The H1N1 (swine flu) vaccine that was administered in 2009 received a lot of attention after a recent study linked it with a rare, paralyzing disease. People given the H1N1 vaccine had a small increased risk of developing Guillain-Barré Syndrome (GBS), a disorder that affects the peripheral nervous system. The disorder was originally linked to vaccines in 1976 with a vaccine created for a swine flu epidemic.  Doctors have stated that the benefits of the vaccine outweigh the risks.

GBS is a rare autoimmune response where a person’s own immune cells attack the protective coating on nerve fibers; specifically those that control movement and respiration. It’s characterized by symmetrical weakness, usually affecting the lower limbs first and then progressing to other parts of the body. It affects one person in every 100,000 and can lead to paralysis, but is usually temporary and 80% of patients have a full recovery.  Most GBS cases occur after a bacterial or viral infection and take a few days or weeks to develop.
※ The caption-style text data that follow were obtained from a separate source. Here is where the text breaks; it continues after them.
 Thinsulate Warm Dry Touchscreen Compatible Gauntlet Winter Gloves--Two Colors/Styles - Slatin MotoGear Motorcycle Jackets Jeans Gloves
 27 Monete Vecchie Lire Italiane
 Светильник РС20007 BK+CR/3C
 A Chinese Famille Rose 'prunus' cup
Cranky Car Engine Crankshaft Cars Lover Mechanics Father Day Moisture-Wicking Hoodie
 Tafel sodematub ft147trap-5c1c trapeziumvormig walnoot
The US Department of Health and Human Services conducted the study, with Dr. Daniel Salmon of the National Vaccine Program Office leading the research.  Twenty-three million people were vaccinated for H1N1 in 2009 and data was gathered from six different adverse monitoring systems.

Dr. Salmon’s group found that 77 people developed Guillain Barré syndrome within 91 days of receiving the vaccine. The vaccine accounted for an extra 1.6 people per million developing the condition. However, in 2009, the H1N1 “Swine Flu” pandemic infected 61 million people and caused 12,470 deaths. The vaccine is credited with preventing nearly a million cases of H1N1 and saving 500 lives.
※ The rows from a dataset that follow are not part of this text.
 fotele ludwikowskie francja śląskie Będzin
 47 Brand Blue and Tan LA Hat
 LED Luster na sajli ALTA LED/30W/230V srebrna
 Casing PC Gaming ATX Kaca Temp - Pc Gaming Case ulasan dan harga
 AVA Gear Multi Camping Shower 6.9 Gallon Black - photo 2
“Clinicians, policy makers, and those eligible for vaccination must consider the overall risks and benefits of vaccination, as defined by epidemiological studies,” Dr. Salmon concludes. “But [people] should be assured that the benefits of influenza A (H1N1) 2009 monovalent inactivated vaccines greatly outweighed the risks.”
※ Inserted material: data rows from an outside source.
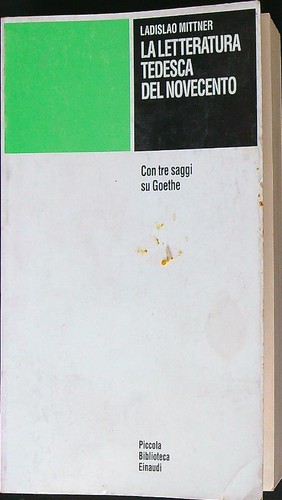 Letteratura tedesca del - la,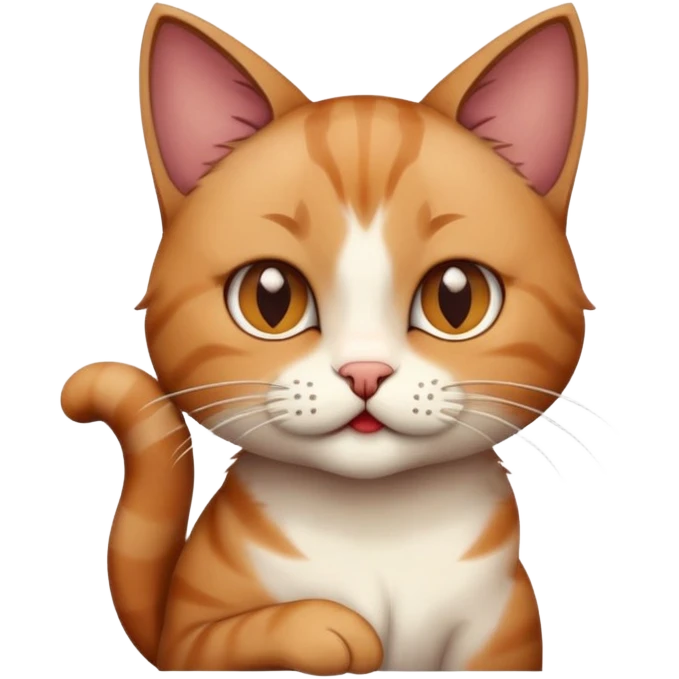 Cat choking its self emoji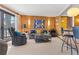 Living room with comfortable seating and mountain view at 1140 Ski Hill Rd # 25, Breckenridge, CO 80424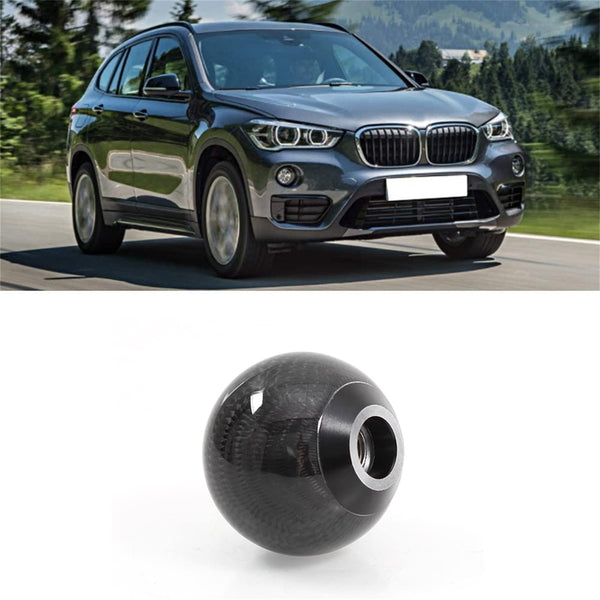 muge racing Carbon Fiber Shift Knob Gear Shifter Knobs with 3 Adapter Most Car Decorations Classic,Red-Long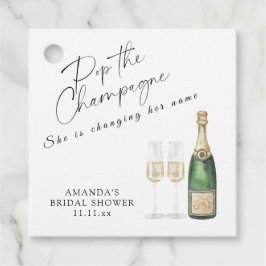 Etiquetas Para Lembrancinhas Festa de noivado com champanhe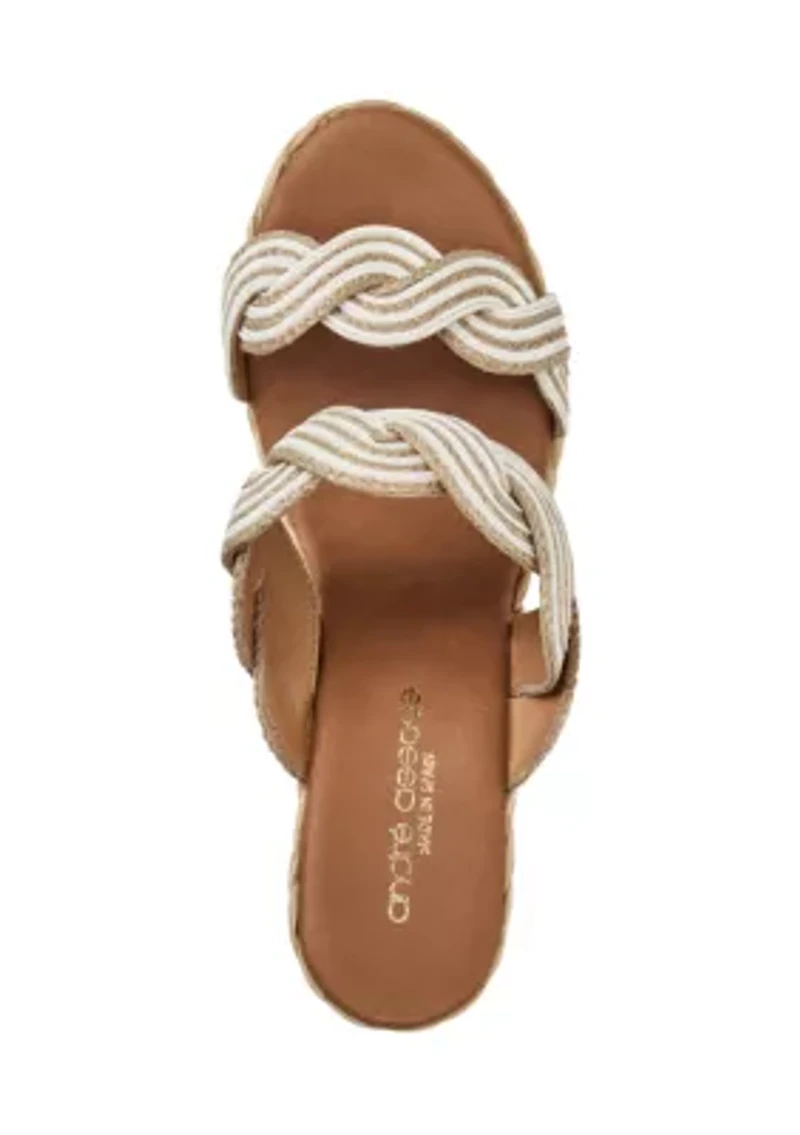 Nolita Twist Wedge Sandals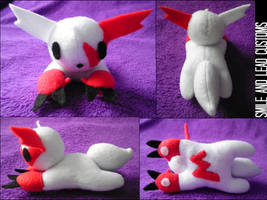 Laying Zangoose Plush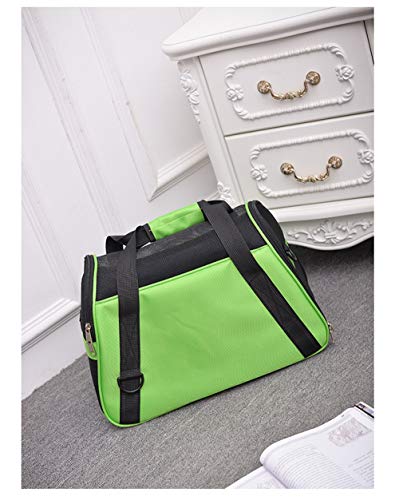 Sac à dos sac portable messenger vert pour chat et petit chien - 5
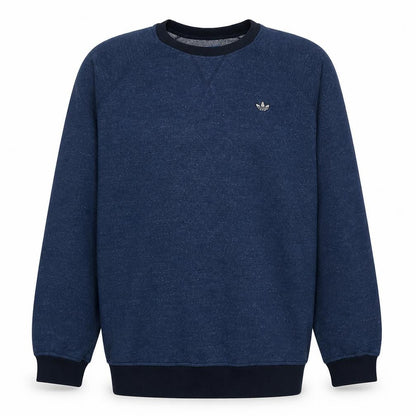Mens UK Size L adidas Blue Pullover Sweatshirt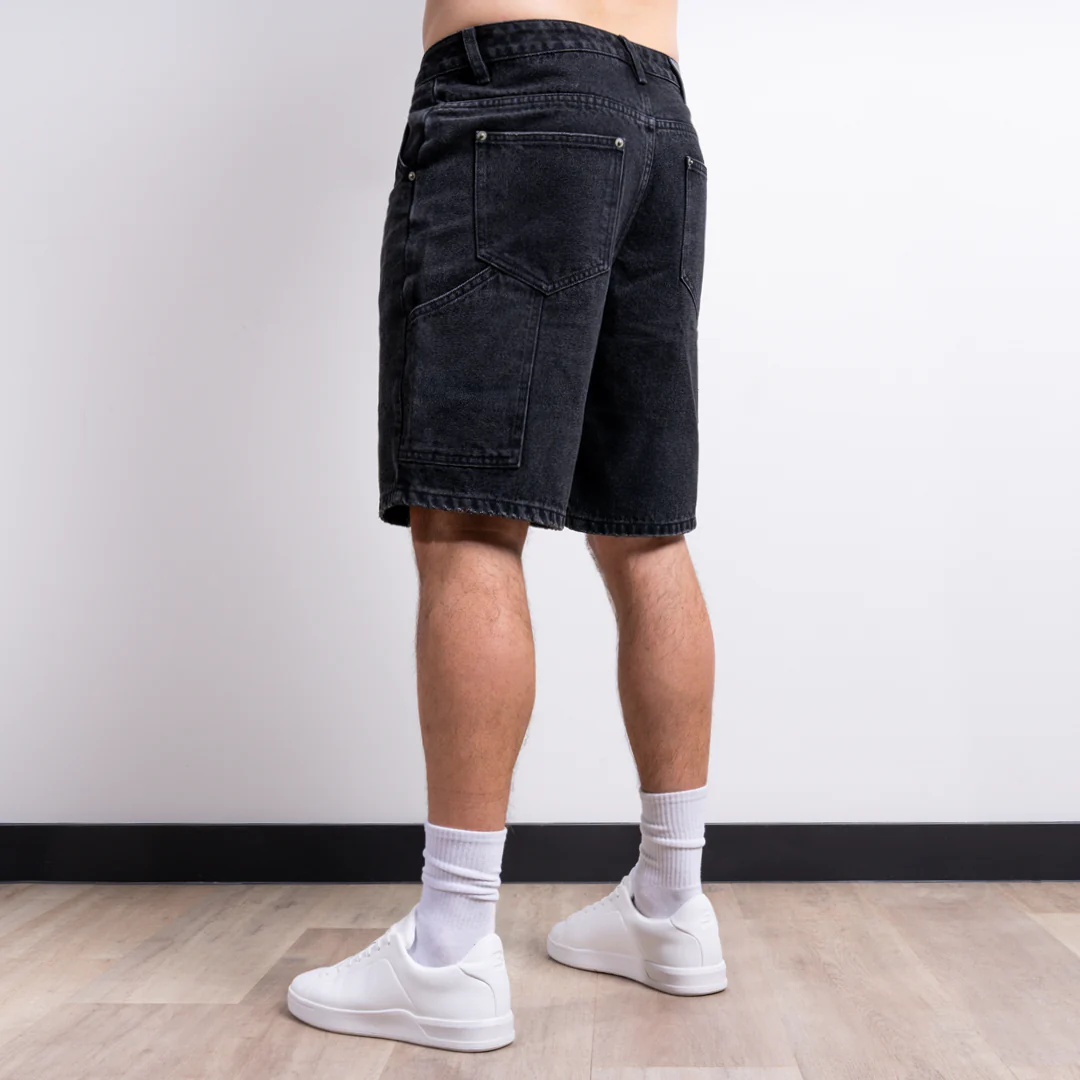 Gueye Denim Short - Washed Black - Image 3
Another group of researchers spent 13 years compiling data on millions of patients and have found no link between vaccines and GBS. Researchers studied tetanus, hepatitis, pneumonia and flu vaccines and found no heightened risk for GBS.

Most studies done since 1976 have found no link between GBS and vaccines. Only a couple studies have shown a small increase in risk among people who received flu vaccines, including the 2009 shot against H1N1. Dr. Roger Baxter, the co-director of the Vaccine Study Center at Kaiser Permanente in California was the lead author on the study and noted that because GBS is so rare, its extremely difficult to determine whether a particular vaccine could have caused increased cases, which is why this study looked at millions of patients.

“There’s definitely a connection in people’s minds that vaccines cause this syndrome. But if you look at the (medical) literature, that doesn’t bear out,” Dr. Baxter states. “The bottom line is we think vaccines are very safe for this outcome, that they do not result in GBS, and if they do, it’s so rare it’s nothing to be worried about.”

The study notes that there were 415 cases of GBS from 1995 to 2006, and two-thirds of those had a documented gastrointestinal or respiratory infection in the weeks before developing GBS. Only 25 people had received a vaccine of any kind within six weeks of the onset of GBS. It was also noted that GBS cases were 50 percent more common in the winter, mirroring seasonal rates of infections like the flu and other respiratory illnesses.

Dr. Daniel Salmon of the Institute for Vaccine Safety at John Hopkins University said, “The take home message is vaccines are not causing Guillain-Barré Syndrome at a rate, if at all, that would possibly make the benefits of vaccination not worthwhile.”